Именно для достижения иллюзии реальности — этого необходимого условия искусства — натуралистическая деталь должна быть изгоняема из произведения. «Можно, не нарушая иллюзии, не досказать многого — читатель или зритель сам доскажет, а иногда вследствие этого в нем еще усилится иллюзия, но сказать лишнее все равно, что, толкнув, рассыпать составленную из кусочков статую или вынуть лампу из волшебного фонаря, — внимание читателя или зрителя отвлекается, читатель видит автора, зритель — актера, иллюзия исчезает, и вновь восстановить иллюзию иногда бывает уже невозможно» (5, 35, 267).

Мысли эти были для Толстого мерилом при оценке работ самых крупных художников. Так, Лескова, которого Толстой и в старости очень любил, восхищаясь его талантом, вдохновением, он упрекал за «излишек таланта». «...Ваш особенный недостаток, — писал он Лескову, — exuberance образов, красок, характерных выражений, которая вас опьяняет и увлекает. Много лишнего, несоразмерного...» (5, 65, 198).

Но не иным был и принцип собственного творчества Толстого — реалистического, но не натуралистического, творчески комбинирующего впечатления, отбирающего характерное, подчиненного чувству меры, которому Толстой учился и у греков, и у французов классического периода, и у Пушкина.

С гордостью истинно великого художника Толстой отвергал наивные догадки некоторых читателей о портретности персонажей в его романах. «Андрей Болконский,— разъяснял он княгине Волконской,— никто, как и всякое лицо романиста, а не писателя личностей или мемуаров. Я бы стыдился печататься, ежели бы весь мой труд состоял в том, чтобы списать портрет, разузнать, запомнить» (5, 61, 80).

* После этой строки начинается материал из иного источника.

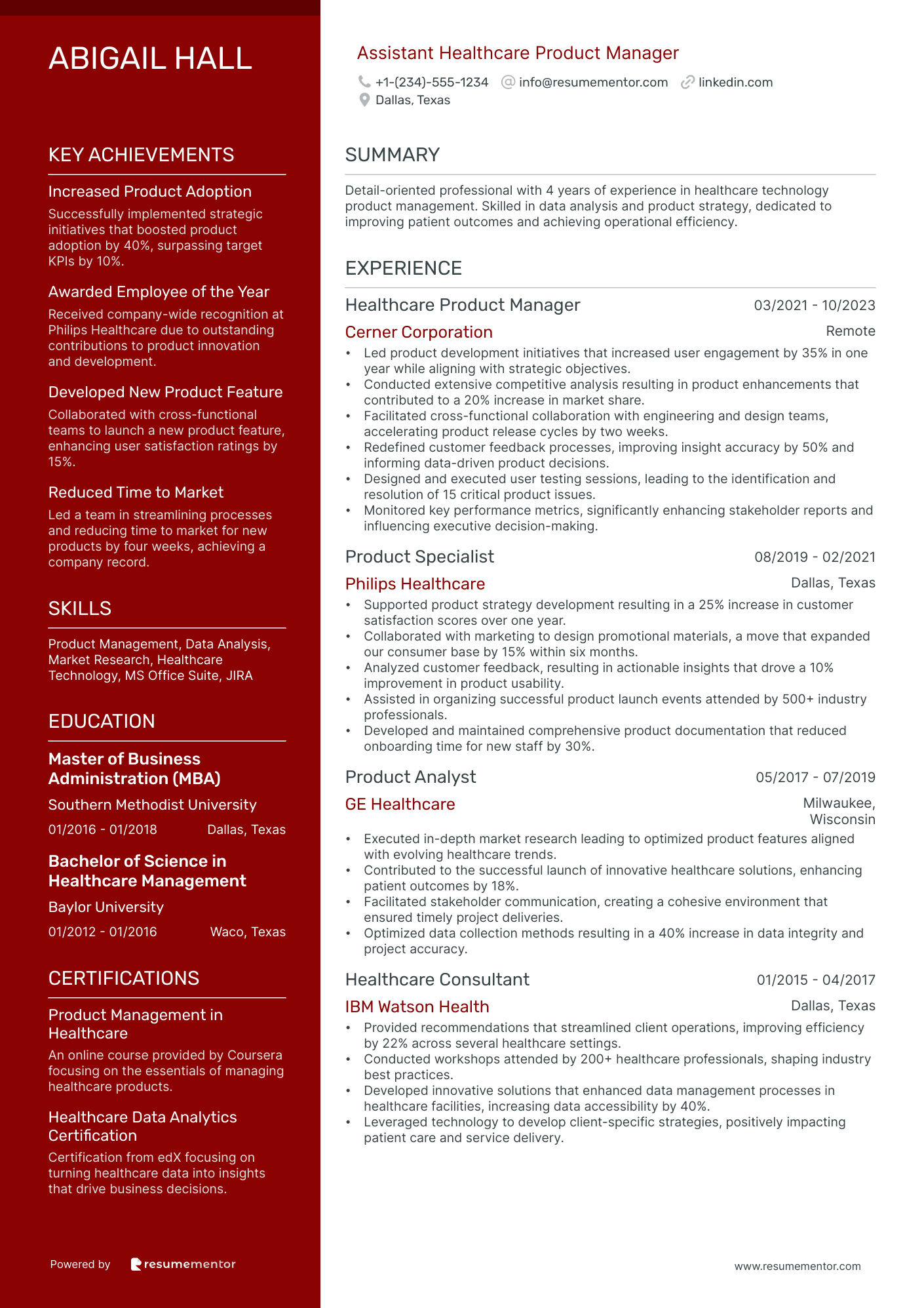 Assistant Healthcare Product Manager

Натуралистическое копирование представлялось Толстому делом не только ложным по существу, но, кроме того, слишком легким, недостойным той серьезности и трудности, которая составляет гордость, радость и мучение подлинного художника. Напротив, в произведениях подлинного реалистического искусства Толстой ценил их способность расширять опыт, знание жизни — не показом ничтожных и потому никому не

96


нужных подробностей, не простым повторением того, что бывает в жизни, а таким изображением, которое, не будучи самим опытом жизни, приближает человека к пониманию ее явлений. По разъяснению Толстого, удовольствие, доставляемое произведениями искусства, состоит «именно в том, что человек не испытывает всего того трения жизни, которое отравляет и уменьшает наслаждения действительной жизни, а между тем получает все те волнения жизни, которые составляют ее сущность и прелесть и получает их с тем большей силой, что ничто не мешает им. Благодаря искусству человек безногий или дряхлый испытывает наслаждение пляски, глядя на пляшущего художника-скомороха; человек, не выходивший из своего северного дома, испытывает наслаждение южной природой, глядя на картину; человек слабый, кроткий испытывает наслаждение силы и власти, глядя на картину, читая или глядя на театре поэтическое произведение или слушая героическую музыку; человек холодный, сухой, никогда не жалевший, не любивший, испытывает наслаждение любви, жалости» ( 5, 30, 252—253).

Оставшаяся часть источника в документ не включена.